Kararda demokratik toplum düzeninin gerekleri ölçütü kullanılmamıştır. Kararı burada incelememizin sebebi daha önce de vurguladığımız gibi demokratik toplumda din ve vicdan hürriyeti ile ilgili ölçütlere değinmiş olmasıdır.

İnceleyeceğimiz ikinci karar263, başvurucunun inancı nedeniyle giydiği pardösüsünü çıkartmaya zorlanması nedeniyle din ve inanç özgürlüğünün ihlali iddiası ile ilgilidir. İlk karardaki birçok değerlendirmeyi bu kararda da tutarlı bir şekilde aynı paragraflara vurgu yaparak tekrar eden AYM, somut olay bağlamında, sırasıyla, ihlalin varlığını, ihlalin kanuni dayanağının olduğunu, meşru amaçla müdahalenin yapıldığını hüküm altına almıştır.

262 Kararın ilgili paragrafı şöyledir: “Bir temel hak ve özgürlüğe yönelik müdahalenin Anayasa'nın

13. maddesinde öngörülen öze dokunmama, Anayasa'nın ilgili maddesinde belirtilmiş olma, kanunlar tarafından öngörülme, Anayasa'nın sözüne ve ruhuna, demokratik toplum düzeninin ve lâik Cumhuriyetin gereklerine ve ölçülülük ilkesine aykırı olmama koşullarına uygun olup olmadığının belirlenmesi gerekir. Bu denetim sırasında Anayasa Mahkemesi öncelikle müdahalenin kanunilik şartına uyup uymadığını inceleyecektir.

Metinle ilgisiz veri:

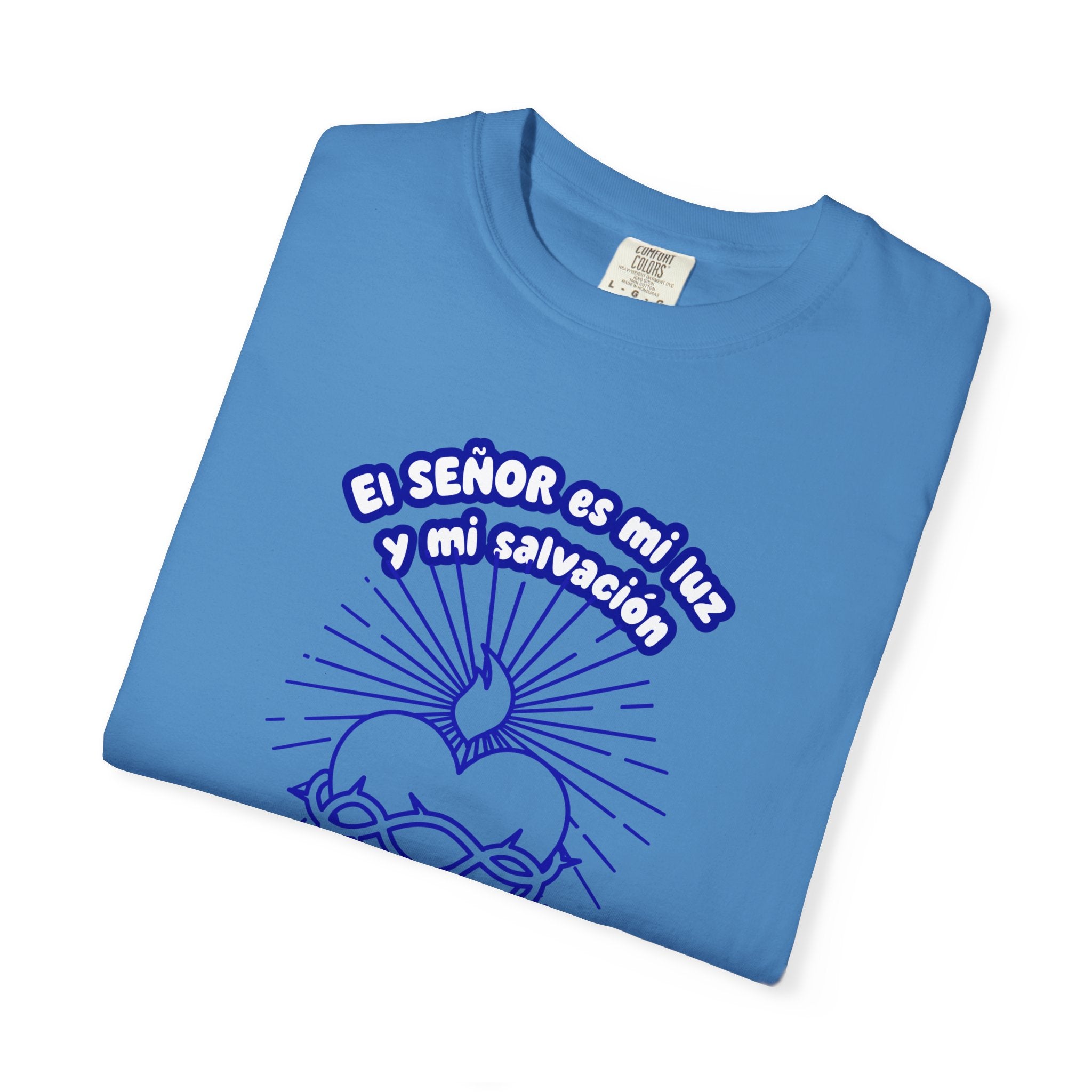 Christian Unisex Spanish Tee - Inspirado en el Salmo 27:1 " El seÑor es mi Luz y mi Salvacion. Great for gift, Birthday, Church.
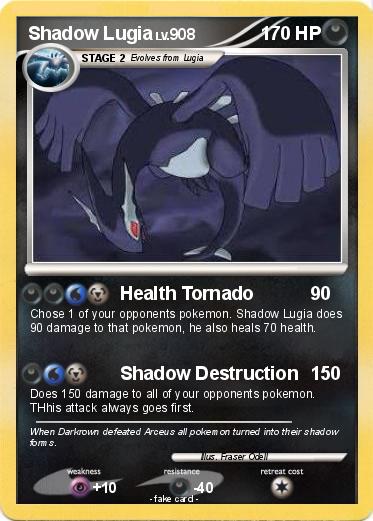 Pokemon Shadow Lugia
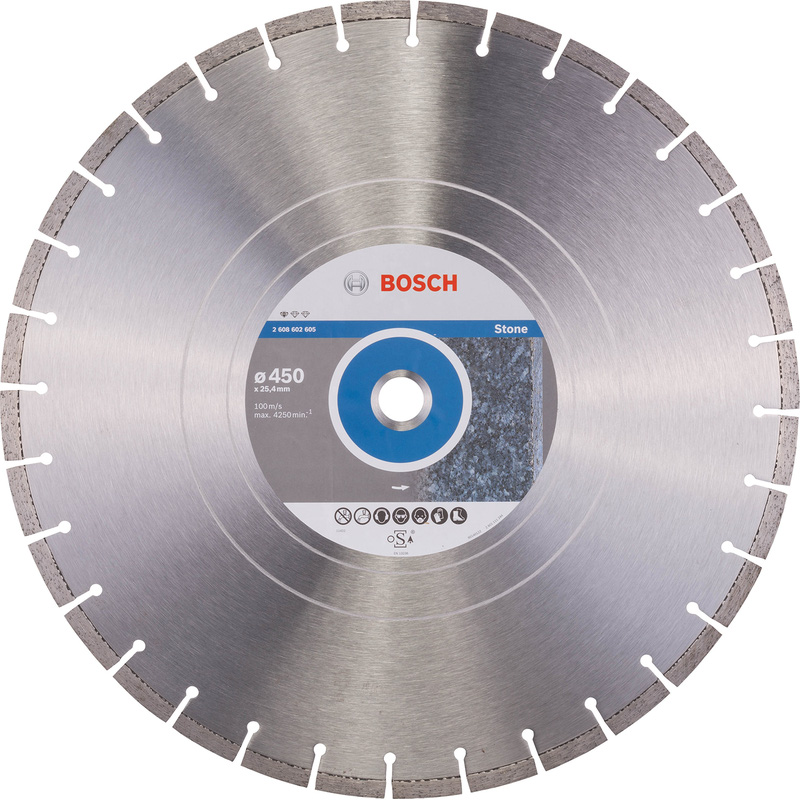 Bosch Stone Diamond Cutting Blade 450 x 25.4mm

Zira kanuna dayanmayan bir müdahalenin, öze dokunmama, demokratik toplum düzeninin gereklerinden olma ve ölçülülük gibi diğer güvencelere uygun olup olmadığı incelenmeden bir Anayasal hakkı veya özgürlüğü ihlal ettiği sonucuna ulaşılacaktır. Bu sebeple bir ilk olarak kanunilik unsurunun değerlendirilmesi gerekir. Kanunilik şartının sağlanması halinde müdahalenin Anayasa'da öngörülen amaçla yapılıp yapılmadığı ve daha sonra da diğer koşullara uygunluk denetimi yapılmalıdır.”

Son aşamada müdahalenin ihlal olup olmadığına karar vermek için demokratik toplum düzeninin gerekleri ölçütü somut olaya uygulanmıştır. AYM konuya şöyle bir giriş yapmıştır:

“Son olarak başvuruya konu müdahalenin "demokratik bir toplumda gerekli" olup olmadığı hususu değerlendirilmelidir. Bir müdahalenin gerekliliğinin mevcudiyetini ve ölçülülüğünü değerlendirmede kamu gücünü kullanan organların ve yargı makamlarının belli bir takdir payı bulunmaktadır. Buna karşın, diğer tüm özgürlüklerde olduğu gibi din ve vicdan özgürlüğünün de parlak bir retorik olarak kalmaması için bu takdir payı, hem hukuki durumu hem de hukuk kurallarının uygulanmasına yönelik kararları kapsayacak şekilde Anayasa Mahkemesinin denetimine tabidir.”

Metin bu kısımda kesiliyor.